▶ [SOURCE RECORDS]
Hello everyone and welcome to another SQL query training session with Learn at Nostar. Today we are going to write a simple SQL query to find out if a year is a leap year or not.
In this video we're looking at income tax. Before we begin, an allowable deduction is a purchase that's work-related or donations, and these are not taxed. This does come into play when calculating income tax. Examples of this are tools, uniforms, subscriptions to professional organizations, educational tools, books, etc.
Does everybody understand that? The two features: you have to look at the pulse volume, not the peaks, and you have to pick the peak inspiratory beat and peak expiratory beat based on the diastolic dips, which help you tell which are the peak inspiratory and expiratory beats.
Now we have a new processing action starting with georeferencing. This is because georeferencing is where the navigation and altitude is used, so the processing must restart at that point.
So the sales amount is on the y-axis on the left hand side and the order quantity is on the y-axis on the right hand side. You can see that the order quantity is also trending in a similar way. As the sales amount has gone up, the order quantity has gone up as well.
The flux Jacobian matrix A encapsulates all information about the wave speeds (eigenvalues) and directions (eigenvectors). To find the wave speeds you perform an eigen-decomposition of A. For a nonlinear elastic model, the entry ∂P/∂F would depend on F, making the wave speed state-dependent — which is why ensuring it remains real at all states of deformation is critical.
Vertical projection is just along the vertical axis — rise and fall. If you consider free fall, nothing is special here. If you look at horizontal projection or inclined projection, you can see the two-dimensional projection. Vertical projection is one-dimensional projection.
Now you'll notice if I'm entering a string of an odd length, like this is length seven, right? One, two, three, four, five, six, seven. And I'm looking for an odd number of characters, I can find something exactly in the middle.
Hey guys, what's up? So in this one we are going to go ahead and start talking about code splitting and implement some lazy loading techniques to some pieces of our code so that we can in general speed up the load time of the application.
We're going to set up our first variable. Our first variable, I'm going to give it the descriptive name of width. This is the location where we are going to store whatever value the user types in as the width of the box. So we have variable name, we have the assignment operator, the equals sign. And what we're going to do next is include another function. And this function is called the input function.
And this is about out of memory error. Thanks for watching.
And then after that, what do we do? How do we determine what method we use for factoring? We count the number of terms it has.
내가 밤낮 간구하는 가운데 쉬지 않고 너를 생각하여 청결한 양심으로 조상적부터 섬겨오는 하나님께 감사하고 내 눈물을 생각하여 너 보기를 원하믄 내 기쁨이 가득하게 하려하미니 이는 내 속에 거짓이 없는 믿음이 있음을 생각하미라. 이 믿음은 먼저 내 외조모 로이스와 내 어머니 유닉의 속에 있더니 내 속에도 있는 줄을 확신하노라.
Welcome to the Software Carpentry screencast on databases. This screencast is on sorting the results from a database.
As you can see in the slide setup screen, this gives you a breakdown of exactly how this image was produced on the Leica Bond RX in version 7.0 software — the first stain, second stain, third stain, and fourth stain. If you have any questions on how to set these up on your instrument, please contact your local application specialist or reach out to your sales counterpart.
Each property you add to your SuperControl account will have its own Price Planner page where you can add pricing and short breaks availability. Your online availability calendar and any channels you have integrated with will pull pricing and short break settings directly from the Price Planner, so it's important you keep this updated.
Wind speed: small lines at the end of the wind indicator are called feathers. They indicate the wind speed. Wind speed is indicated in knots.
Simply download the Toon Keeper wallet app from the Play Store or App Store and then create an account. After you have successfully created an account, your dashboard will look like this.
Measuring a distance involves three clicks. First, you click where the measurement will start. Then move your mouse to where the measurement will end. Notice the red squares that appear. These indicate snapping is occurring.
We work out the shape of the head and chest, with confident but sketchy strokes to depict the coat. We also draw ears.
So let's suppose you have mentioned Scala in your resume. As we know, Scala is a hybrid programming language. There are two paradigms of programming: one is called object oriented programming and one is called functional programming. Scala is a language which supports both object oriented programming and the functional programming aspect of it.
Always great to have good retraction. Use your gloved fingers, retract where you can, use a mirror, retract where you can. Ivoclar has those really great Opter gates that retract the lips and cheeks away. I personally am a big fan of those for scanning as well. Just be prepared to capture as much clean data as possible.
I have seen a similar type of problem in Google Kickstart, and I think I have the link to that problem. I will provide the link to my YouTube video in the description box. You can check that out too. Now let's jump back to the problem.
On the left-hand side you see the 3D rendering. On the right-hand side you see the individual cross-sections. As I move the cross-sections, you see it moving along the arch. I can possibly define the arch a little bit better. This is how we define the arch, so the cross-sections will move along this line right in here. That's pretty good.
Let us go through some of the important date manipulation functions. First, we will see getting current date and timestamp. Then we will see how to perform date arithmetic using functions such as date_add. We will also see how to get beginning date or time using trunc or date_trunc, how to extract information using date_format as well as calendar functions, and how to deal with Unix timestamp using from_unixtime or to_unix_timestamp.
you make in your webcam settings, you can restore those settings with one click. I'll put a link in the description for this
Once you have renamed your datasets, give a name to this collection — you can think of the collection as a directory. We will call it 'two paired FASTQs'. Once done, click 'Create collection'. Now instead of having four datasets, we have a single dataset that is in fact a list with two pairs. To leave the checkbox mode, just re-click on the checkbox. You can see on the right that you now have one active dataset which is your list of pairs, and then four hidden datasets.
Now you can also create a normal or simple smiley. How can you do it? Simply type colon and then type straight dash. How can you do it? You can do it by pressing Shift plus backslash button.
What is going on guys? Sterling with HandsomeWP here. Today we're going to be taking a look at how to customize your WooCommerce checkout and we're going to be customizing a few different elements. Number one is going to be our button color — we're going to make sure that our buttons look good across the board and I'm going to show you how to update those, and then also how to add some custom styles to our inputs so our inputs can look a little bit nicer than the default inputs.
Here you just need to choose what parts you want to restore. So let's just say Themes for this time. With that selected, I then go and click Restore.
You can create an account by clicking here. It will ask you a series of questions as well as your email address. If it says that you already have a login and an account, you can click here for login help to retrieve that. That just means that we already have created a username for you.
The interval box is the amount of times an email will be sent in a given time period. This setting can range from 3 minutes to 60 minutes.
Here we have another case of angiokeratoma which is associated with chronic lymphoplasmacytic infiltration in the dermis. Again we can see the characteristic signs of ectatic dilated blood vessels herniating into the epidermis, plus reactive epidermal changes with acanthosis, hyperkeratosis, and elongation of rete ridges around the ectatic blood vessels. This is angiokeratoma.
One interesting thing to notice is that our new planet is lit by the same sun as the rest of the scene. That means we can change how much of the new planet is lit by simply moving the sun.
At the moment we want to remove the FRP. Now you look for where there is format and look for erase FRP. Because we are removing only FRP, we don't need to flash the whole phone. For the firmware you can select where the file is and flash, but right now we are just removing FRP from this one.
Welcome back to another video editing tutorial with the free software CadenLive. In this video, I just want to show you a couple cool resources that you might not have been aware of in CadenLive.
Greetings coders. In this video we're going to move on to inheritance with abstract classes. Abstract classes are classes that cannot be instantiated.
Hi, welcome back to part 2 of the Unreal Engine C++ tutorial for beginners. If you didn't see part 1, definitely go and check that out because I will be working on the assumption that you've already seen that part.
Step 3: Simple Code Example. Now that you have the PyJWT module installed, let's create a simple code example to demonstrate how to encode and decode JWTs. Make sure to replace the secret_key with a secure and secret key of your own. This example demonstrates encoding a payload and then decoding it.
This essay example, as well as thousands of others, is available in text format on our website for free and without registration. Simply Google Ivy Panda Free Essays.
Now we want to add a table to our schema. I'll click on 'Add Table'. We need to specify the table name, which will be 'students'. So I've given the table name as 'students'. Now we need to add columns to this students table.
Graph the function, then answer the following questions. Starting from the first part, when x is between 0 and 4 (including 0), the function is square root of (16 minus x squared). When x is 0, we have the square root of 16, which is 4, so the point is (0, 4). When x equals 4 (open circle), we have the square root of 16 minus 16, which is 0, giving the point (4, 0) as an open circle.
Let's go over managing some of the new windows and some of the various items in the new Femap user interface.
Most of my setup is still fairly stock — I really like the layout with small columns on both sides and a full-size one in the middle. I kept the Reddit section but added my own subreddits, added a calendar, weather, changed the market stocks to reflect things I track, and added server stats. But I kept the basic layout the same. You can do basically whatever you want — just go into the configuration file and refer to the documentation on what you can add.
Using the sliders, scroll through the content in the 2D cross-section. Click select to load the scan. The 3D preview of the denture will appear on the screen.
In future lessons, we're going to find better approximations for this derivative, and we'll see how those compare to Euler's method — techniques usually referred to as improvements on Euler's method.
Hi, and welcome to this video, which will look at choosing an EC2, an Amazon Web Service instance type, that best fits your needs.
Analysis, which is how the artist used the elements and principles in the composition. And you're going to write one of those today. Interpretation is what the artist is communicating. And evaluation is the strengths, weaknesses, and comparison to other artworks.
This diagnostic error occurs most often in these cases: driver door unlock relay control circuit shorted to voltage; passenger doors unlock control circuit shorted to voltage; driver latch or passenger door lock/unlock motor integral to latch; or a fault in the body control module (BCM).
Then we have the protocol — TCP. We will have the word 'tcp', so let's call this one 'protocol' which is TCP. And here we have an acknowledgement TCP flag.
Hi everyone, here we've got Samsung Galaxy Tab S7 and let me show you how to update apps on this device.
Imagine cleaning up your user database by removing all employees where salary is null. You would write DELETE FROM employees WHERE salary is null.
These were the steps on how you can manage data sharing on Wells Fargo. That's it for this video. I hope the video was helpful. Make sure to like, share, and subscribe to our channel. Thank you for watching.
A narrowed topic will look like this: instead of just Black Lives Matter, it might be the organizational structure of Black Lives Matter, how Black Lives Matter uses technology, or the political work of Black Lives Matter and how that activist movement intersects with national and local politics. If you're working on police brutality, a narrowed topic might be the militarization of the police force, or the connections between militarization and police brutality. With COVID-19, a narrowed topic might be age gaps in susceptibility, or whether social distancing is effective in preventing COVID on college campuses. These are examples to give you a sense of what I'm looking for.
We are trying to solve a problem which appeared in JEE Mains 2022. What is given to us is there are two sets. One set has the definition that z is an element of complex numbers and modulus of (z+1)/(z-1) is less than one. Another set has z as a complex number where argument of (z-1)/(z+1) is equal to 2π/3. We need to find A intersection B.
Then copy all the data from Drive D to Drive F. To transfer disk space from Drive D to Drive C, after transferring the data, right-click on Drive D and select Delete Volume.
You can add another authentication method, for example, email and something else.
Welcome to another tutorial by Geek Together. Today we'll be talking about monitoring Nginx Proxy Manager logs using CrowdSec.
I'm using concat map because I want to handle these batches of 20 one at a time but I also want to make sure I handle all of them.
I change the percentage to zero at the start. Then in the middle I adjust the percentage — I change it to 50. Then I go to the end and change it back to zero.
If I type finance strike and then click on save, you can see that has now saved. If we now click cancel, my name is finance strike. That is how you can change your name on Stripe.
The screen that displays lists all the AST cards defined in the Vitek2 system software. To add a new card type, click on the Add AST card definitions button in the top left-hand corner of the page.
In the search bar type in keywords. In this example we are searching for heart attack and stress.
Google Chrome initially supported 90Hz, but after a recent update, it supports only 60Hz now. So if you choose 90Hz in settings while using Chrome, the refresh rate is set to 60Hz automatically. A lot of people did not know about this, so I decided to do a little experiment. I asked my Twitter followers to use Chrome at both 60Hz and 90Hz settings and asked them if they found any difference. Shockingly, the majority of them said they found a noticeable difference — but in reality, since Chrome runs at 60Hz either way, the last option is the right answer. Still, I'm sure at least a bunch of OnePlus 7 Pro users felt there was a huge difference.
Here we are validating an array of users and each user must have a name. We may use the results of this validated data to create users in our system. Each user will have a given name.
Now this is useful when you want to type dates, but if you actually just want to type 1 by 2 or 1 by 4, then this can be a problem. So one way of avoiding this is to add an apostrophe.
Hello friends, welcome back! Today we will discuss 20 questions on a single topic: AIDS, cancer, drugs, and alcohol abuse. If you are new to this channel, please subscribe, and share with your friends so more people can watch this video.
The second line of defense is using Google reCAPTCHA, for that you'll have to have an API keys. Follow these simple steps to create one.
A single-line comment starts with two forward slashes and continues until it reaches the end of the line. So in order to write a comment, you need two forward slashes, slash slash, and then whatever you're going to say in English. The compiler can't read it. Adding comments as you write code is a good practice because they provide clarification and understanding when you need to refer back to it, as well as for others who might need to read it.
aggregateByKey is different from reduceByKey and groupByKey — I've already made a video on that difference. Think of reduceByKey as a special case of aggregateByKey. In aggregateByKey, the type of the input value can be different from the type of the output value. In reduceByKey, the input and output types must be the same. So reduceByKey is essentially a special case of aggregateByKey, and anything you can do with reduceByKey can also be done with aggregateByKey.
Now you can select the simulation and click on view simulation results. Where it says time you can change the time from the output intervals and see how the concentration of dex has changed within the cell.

▶ [TASK]
Return each line of the data where the word "subscribe" appears.

▶ [ANSWER FOR THE TASK]
These were the steps on how you can manage data sharing on Wells Fargo. That's it for this video. I hope the video was helpful. Make sure to like, share, and subscribe to our channel. Thank you for watching.
Hello friends, welcome back! Today we will discuss 20 questions on a single topic: AIDS, cancer, drugs, and alcohol abuse. If you are new to this channel, please subscribe, and share with your friends so more people can watch this video.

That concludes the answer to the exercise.